On Thu, Nov 08, 2001 at 05:34:16PM -0800, Wei Dai wrote:
> On Wed, Nov 07, 2001 at 09:17:00PM +0100, Anders Sandberg wrote:
> > As for judging the Blight vs. Countermeasure, Steel vs. Woodcarver, it
> > can only be done relative to some standard. I would use whether they
> > promoted happiness and self-development among other beings, and then the
> > choice becomes rather clear: Steel is clearly using other beings for his
> > own purposes with no interest in their self-development, while
> > Woodcarver does it; the Blight uses other beings as expendable tools for
> > its own purposes on a far wider scale than Countermeasure. None of the
> > characters end up 100% on the good or evil side, but you can make
> > distinctions between them.
>
> I'm not sure I agree that none of the characters end up 100% on the good
> or evil side. What should have the Countermeasure or Woodcarver done in
> order to be 100% good according to your standard? What might Steel or the
> Blight have done to qualify for being 100% evil?

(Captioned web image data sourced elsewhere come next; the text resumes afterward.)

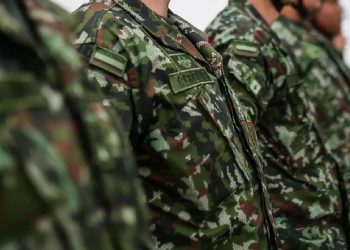 Rodeados por una multitud: retienen a 18 militares del Ejército durante operativo contra el ELN en Chocó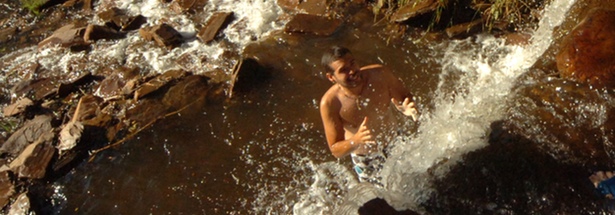 Una persona disfruta de un baño en un rio extremeño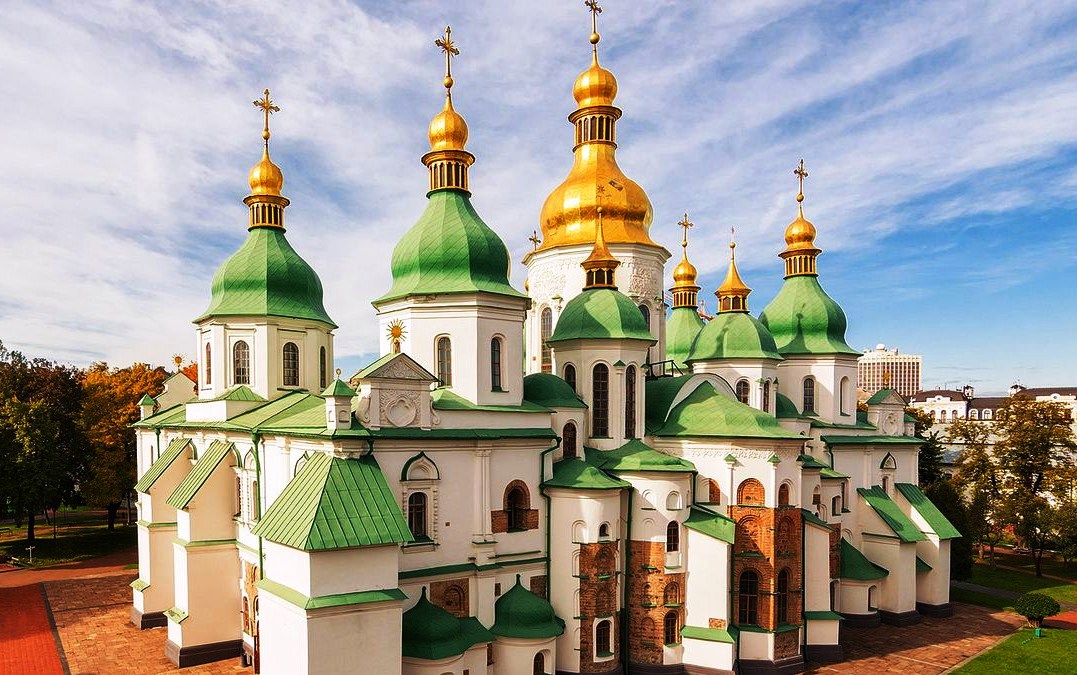   1. Екстер'єр собору Святої Софії у Києві.jpg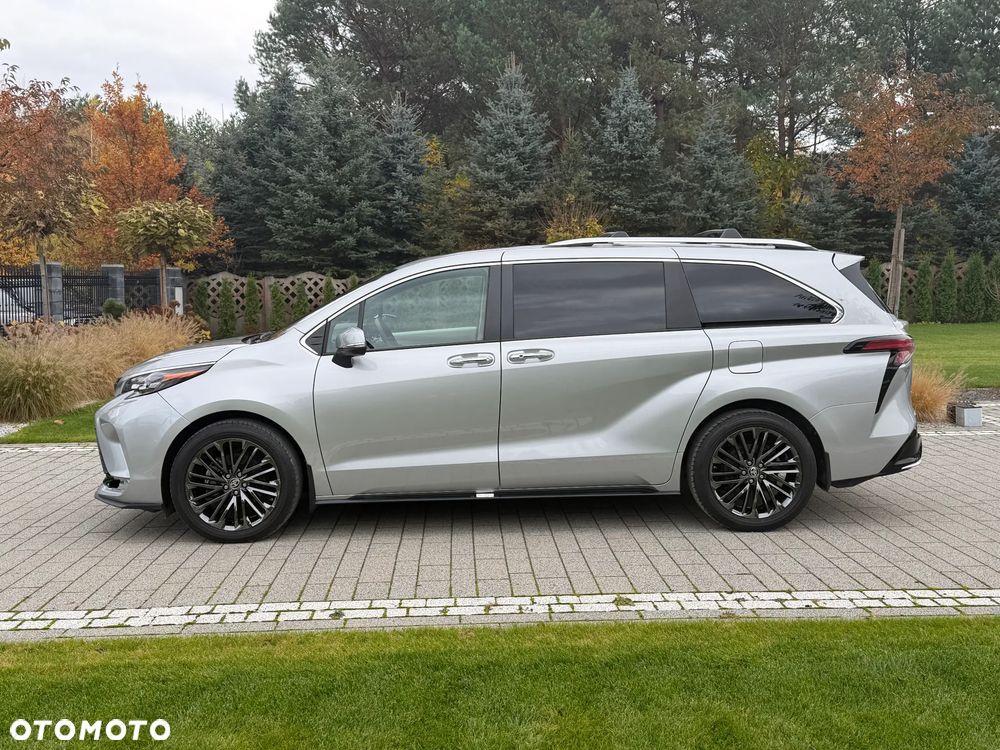 Toyota Sienna 2024 photo 3
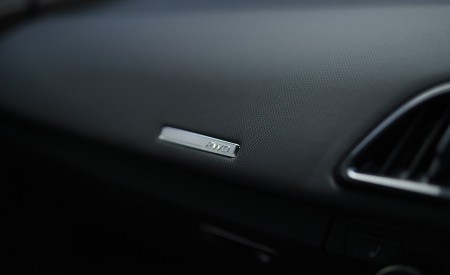 2020 Audi R8 V10 RWD Coupe (UK-Spec) Interior Detail Wallpapers  450x275 (145)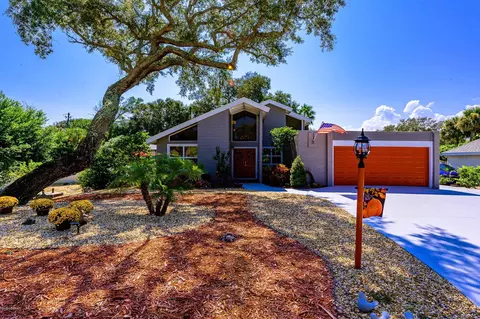42 Sandcastle Dr, Ormond Beach, FL 32176 photo 1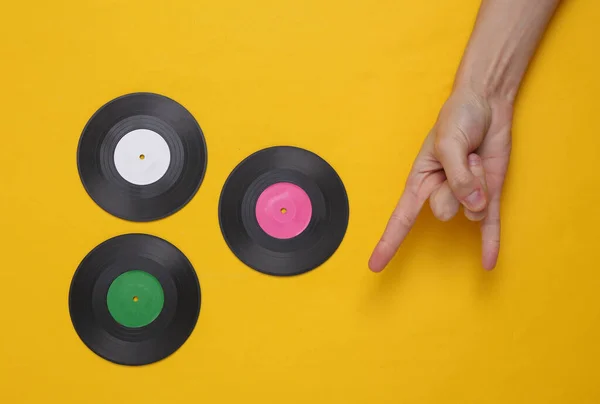 Grabaciones Vinilo Mano Mostrando Gesto Rock Sobre Fondo Amarillo Vista —  Fotos de Stock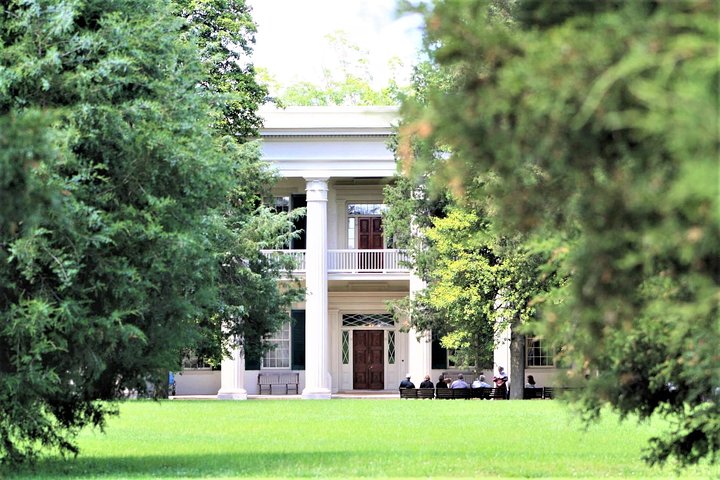 https://mdw-travel-data-us-east-1.s3.amazonaws.com/img/country/United-States/Andrew-Jacksons-Hermitage/img_05.jpg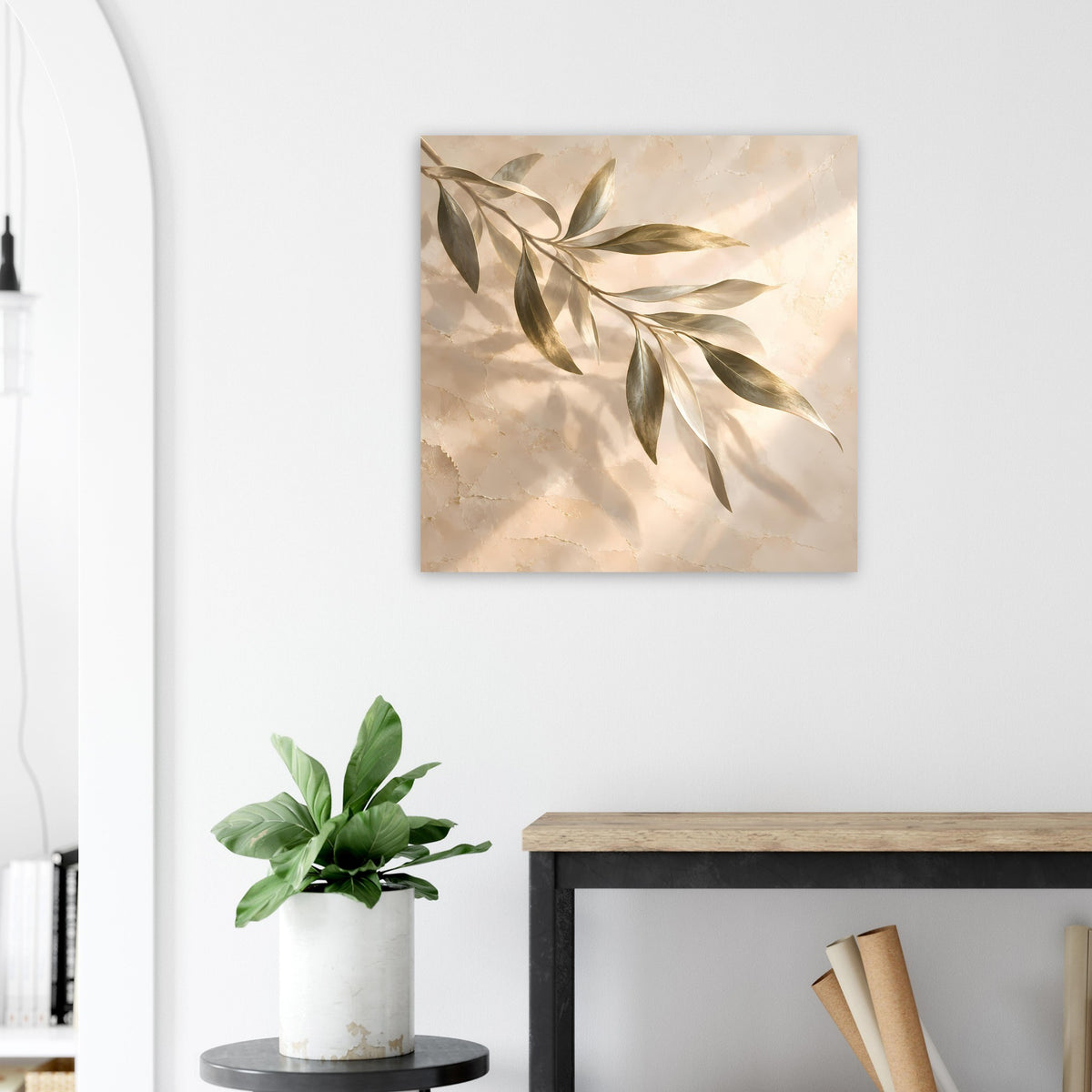 Quadratisches Poster: Olivenzweige mit goldschimmernden Akzenten auf beigem Hintergrund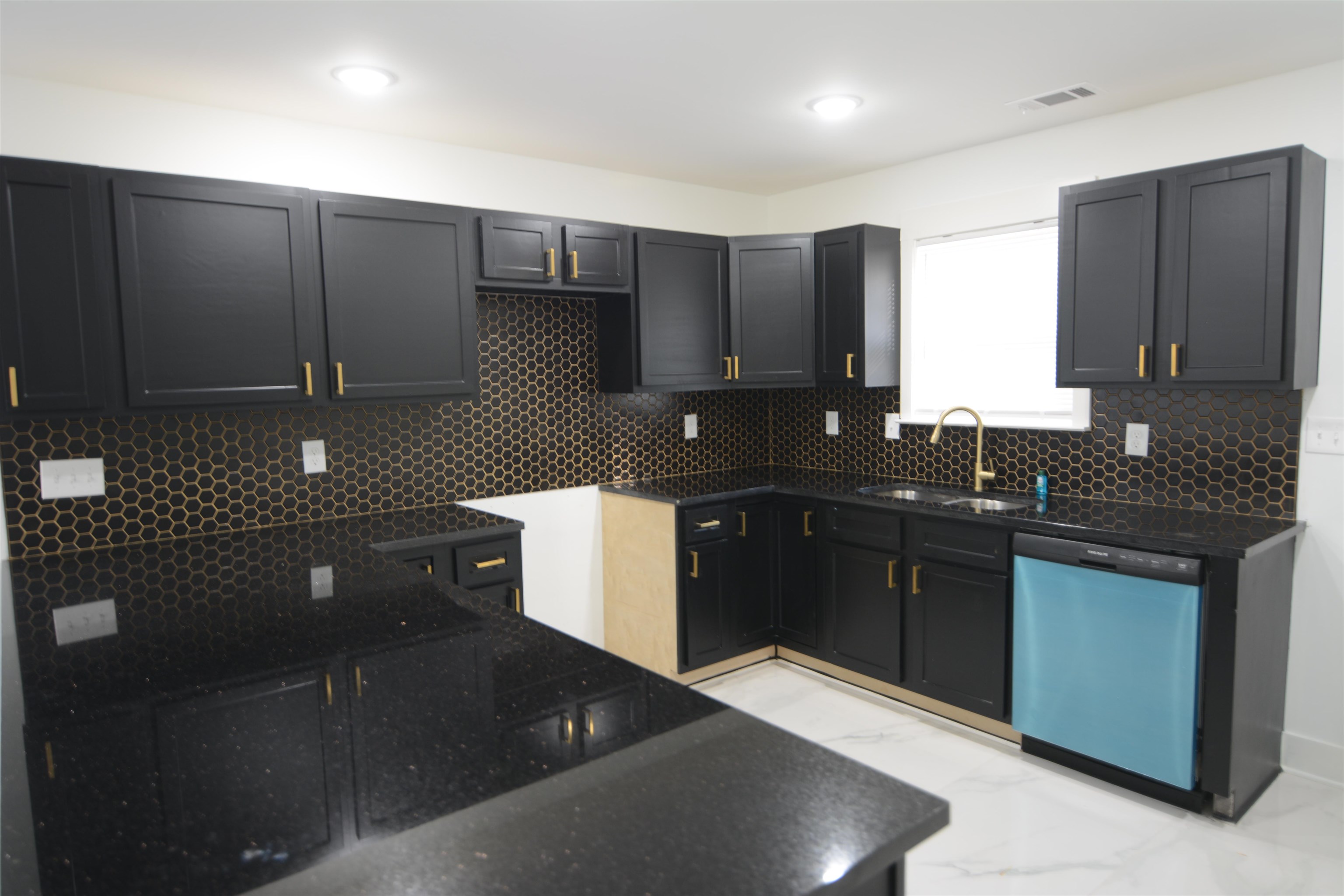3557 Kendrick Road Memphis, TN 38108 - Photo 7 of 29 Gallery Image 7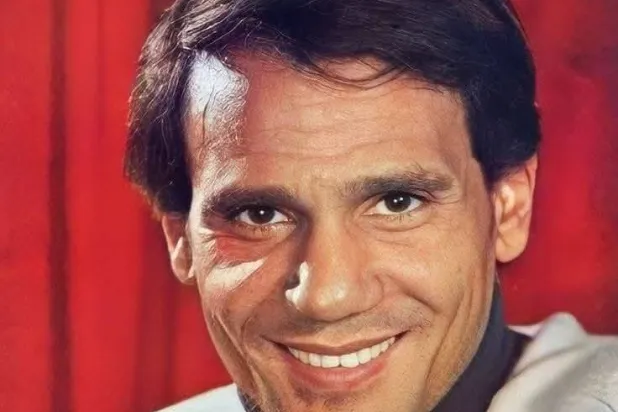 كتاب جديد عن معارك عبد الحليم حافظ الفنية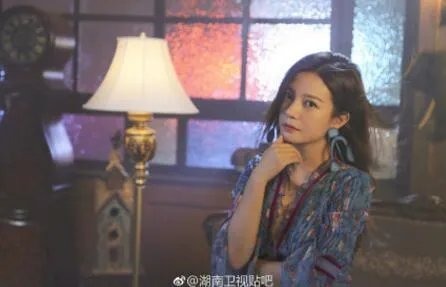 赵薇、黄晓明、周冬雨、张亮参加的综艺节目《中餐厅》是在哪拍的？
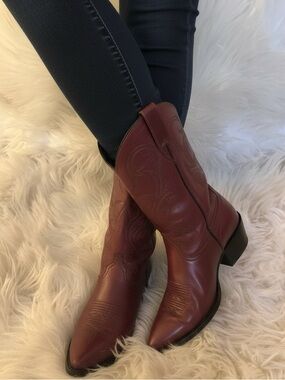 Dan Post Maroon Heeled Western Boots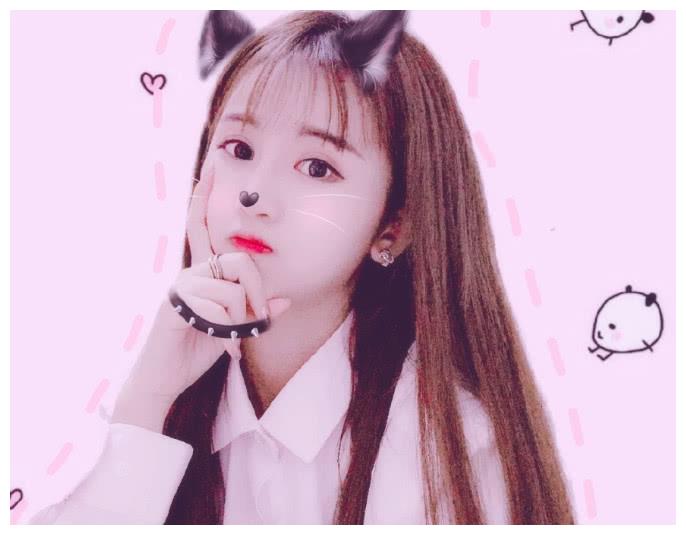 杨清柠早期直播视频,颜值成最大亮点,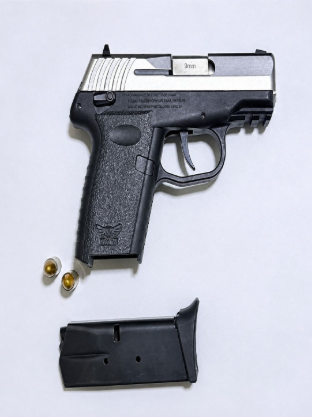 Policía Nacional apresa hombre con arma de fuego sin documentación en La Vega.   .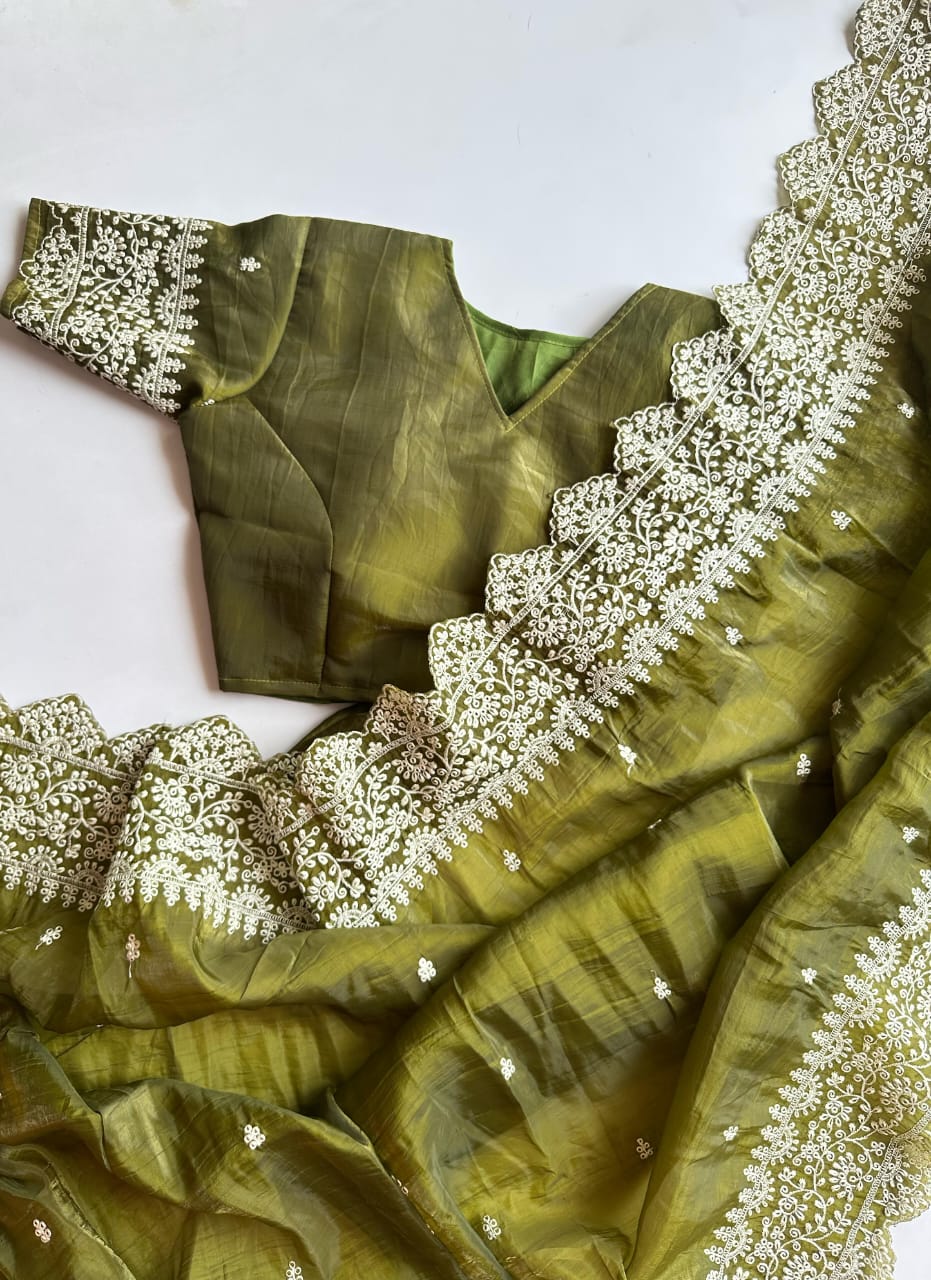 Asvi Floral Butta-3 β Elegant Pure Crush Silk Saree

Well, if we define 100% good/evil as having done the maximum number of
possible acts according to some value, even the Blight would likely end
up with everything else near 50% (it didn't seem to go out of its way to
do nasty things). But within this range there is still tremendous
differences.

I think Countermeasure might not have had much choice in what it did, so
it might actually have ended up 100% good if it did not cause the death
or limitation of one sentient more than was needed within some
reasonable safety margin. On the other hand Old One/Godshatter did use
at least one sentient being as an expendable tool (Pham) and quite
clearly manipulated other beings to achieve their ends, even when they
were noble and might have been achievable through voluntary cooperation
given good enough explanations.

The actions of the Blight was never described in detail, but it seems
that it was most interested in further its own interests rather than
make existence miserable for other beings - it simply used them. It
could have been far worse (and less interesting) if it had been
sadistic.

Woodcarver and Steel were relatively well developed characters and had
their own motivations. Steel clearly had some limited friendliness (even
if it was mainly acting) towards the children and other useful
individuals. Again, he was not 100% evil since he did not care for
making others miserable, just achieving his ends. Woodcarver on the
other hand may have caused some ethical transgressions by its
original experiments (although among tine intelligences concepts like
individual growth are rather slippery), but Flensler's later career was
its own.

Of course, this shows that the expression "100% evil/good" might be
rather useless. In AFUTD it is rather caring vs. uncaring.

-- 
-----------------------------------------------------------------------
Anders Sandberg                                      Towards Ascension!